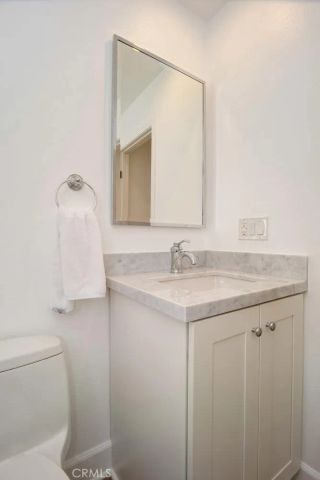 2521 Point Del Mar, Corona Del Mar, CA 92625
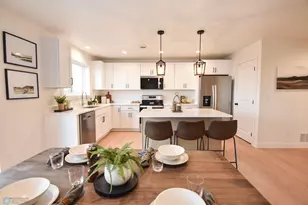 3724 27th St S, Moorhead, MN 56560 - Photo 10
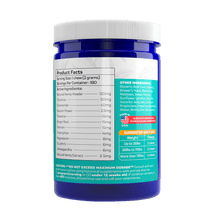 Load image into Gallery viewer, Advanced Calming Chews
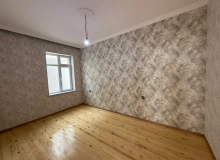 Satılır Kürdəxanı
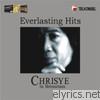 Chrisye - Everlasting Hits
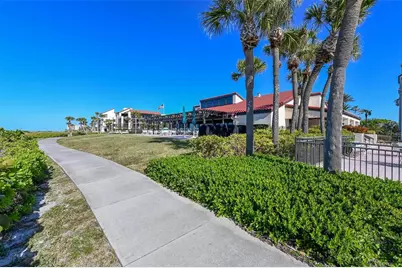 1945 Gulf Of Mexico Drive #M2-402, Longboat Key, FL 34228 - Photo 34
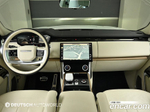 Land Rover Range Rover 5 Generation P530 SV LWB (12.2022)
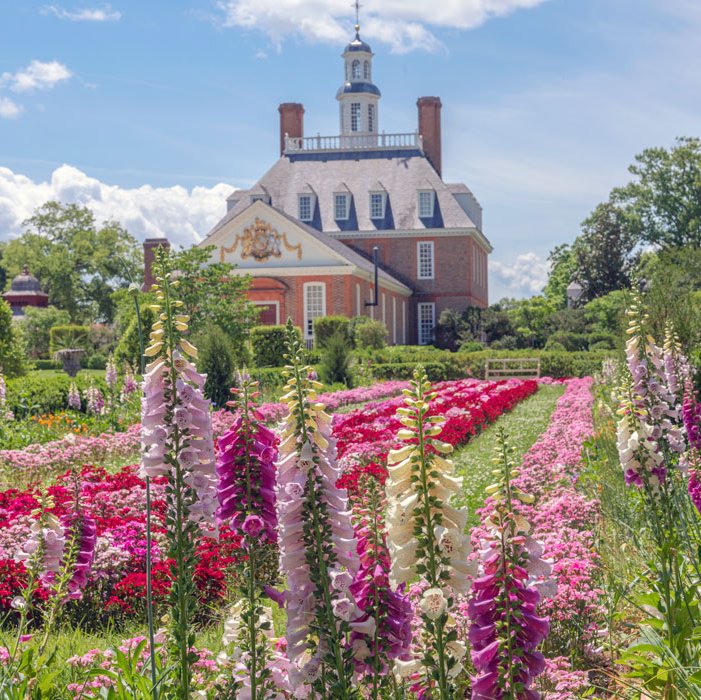 gardens-historic-sites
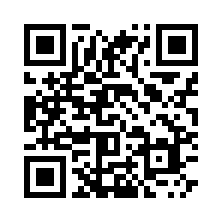 QR Code for 3PPRGZzyDHDqR3SWYavGVwiDDDq8XNXkUr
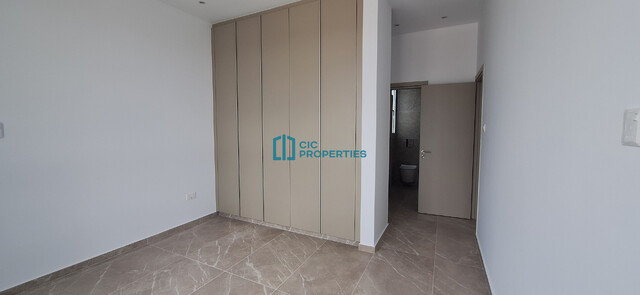 penthouse-6a4364be6cb11.jpg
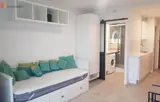 Miniature 18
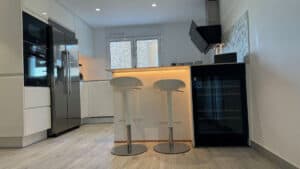 Foto van Villa in L'Alfás del Pi – afbeelding 11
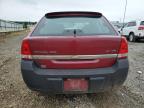 2006 Chevrolet Malibu Maxx Lt zu verkaufen in Chatham, VA - Mechanical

• [Description of the task]:
Down to the last line, reproduce the material above exactly; skip its images.

• [Response to the exercise]:
 2521 Point Del Mar, Corona Del Mar, CA 92625
 3724 27th St S, Moorhead, MN 56560 - Photo 10
 Load image into Gallery viewer, Advanced Calming Chews
 Satılır Kürdəxanı
 Chrisye - Everlasting Hits
 1945 Gulf Of Mexico Drive #M2-402, Longboat Key, FL 34228 - Photo 34
 Land Rover Range Rover 5 Generation P530 SV LWB (12.2022)
 gardens-historic-sites
 QR Code for 3PPRGZzyDHDqR3SWYavGVwiDDDq8XNXkUr
 penthouse-6a4364be6cb11.jpg
 Miniature 18
 Foto van Villa in L'Alfás del Pi – afbeelding 11
 2006 Chevrolet Malibu Maxx Lt zu verkaufen in Chatham, VA - Mechanical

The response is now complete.